With nearly 2 million acres burned and 350 homes destroyed by wildland fires, many residents are reluctant to leave their neighborhoods. At least a few decided to make a stand, with or without official sanction.

"In our area, the fact is that the homes that belonged to the ones who stayed behind were still standing and a lot of the homes from which people fled were burned," says Revis Daggett, an inn owner in Fort Davis, Texas, whose home was briefly threatened by the still-burning Rockhouse fire. "That's something people are thinking about."

IN PICTURES: Texas wildfires

Ignoring wildfire evacuation orders "is a really dangerous game," says Debbie Miley, executive director of the National Wildfire Suppression Association. "They're not outfitted with all the gear and training that a wildland firefighter has to have. It's scary to watch them [stay behind] with a garden hose and a T-shirt on. They're really taking their life into their own hands."

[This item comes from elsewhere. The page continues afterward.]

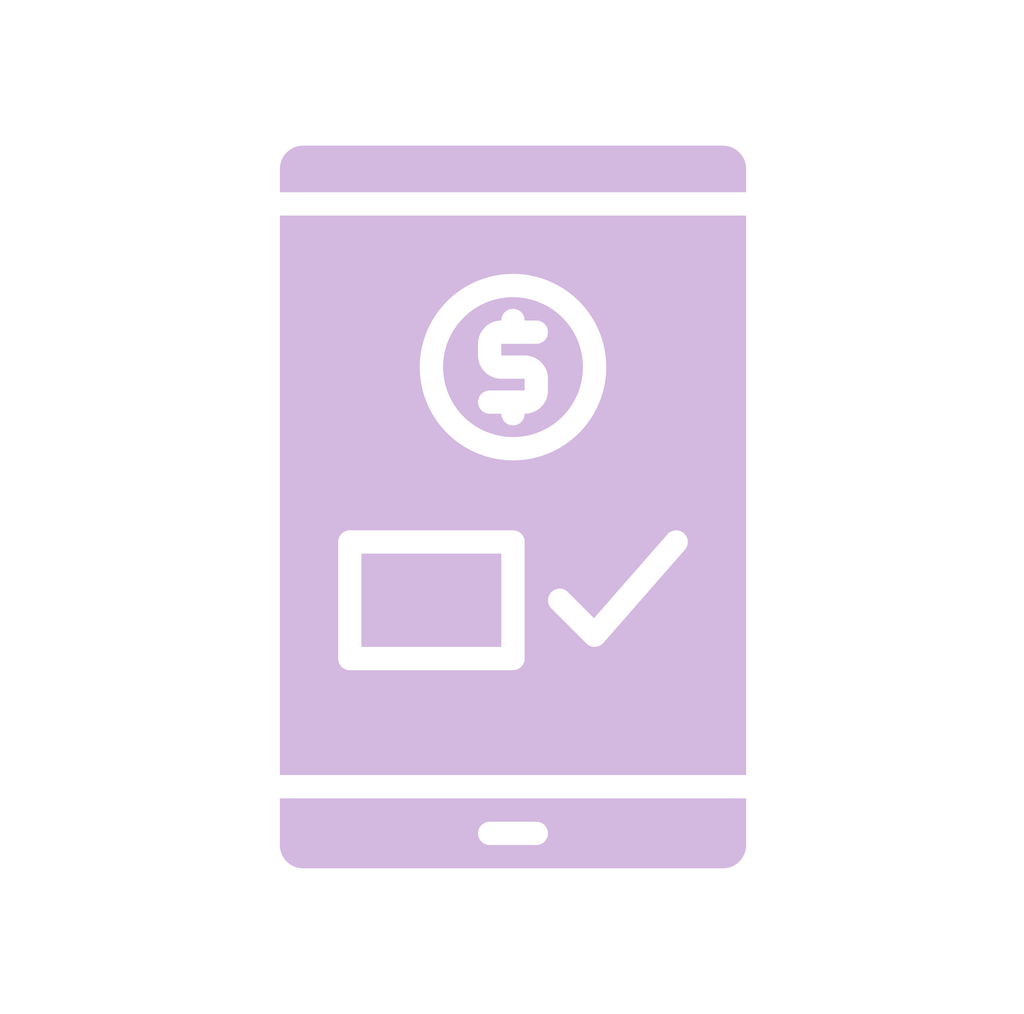 Check Payment | Cheque Payment (19.0)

The sheer size and speed of this year's Texas wildfires have sorely tested the Texas Forest Service, now backed by the US Forest Service. During the hottest, windiest parts of the heaviest-fire days, nearly 1,800 firefighters from 33 states must revert to playing defense as the fire "heads" raged uncontrolled.

Most are evacuating

To be sure, the vast majority of people in wildfire-struck areas did heed evacuation orders, which Mark Stanford, fire operations chief of the Texas Forest Service, attribute to greater fire awareness. At least 10 entire towns and dozens of individual neighborhoods and subdivisions have been evacuated over the past few months, usually for brief periods of time.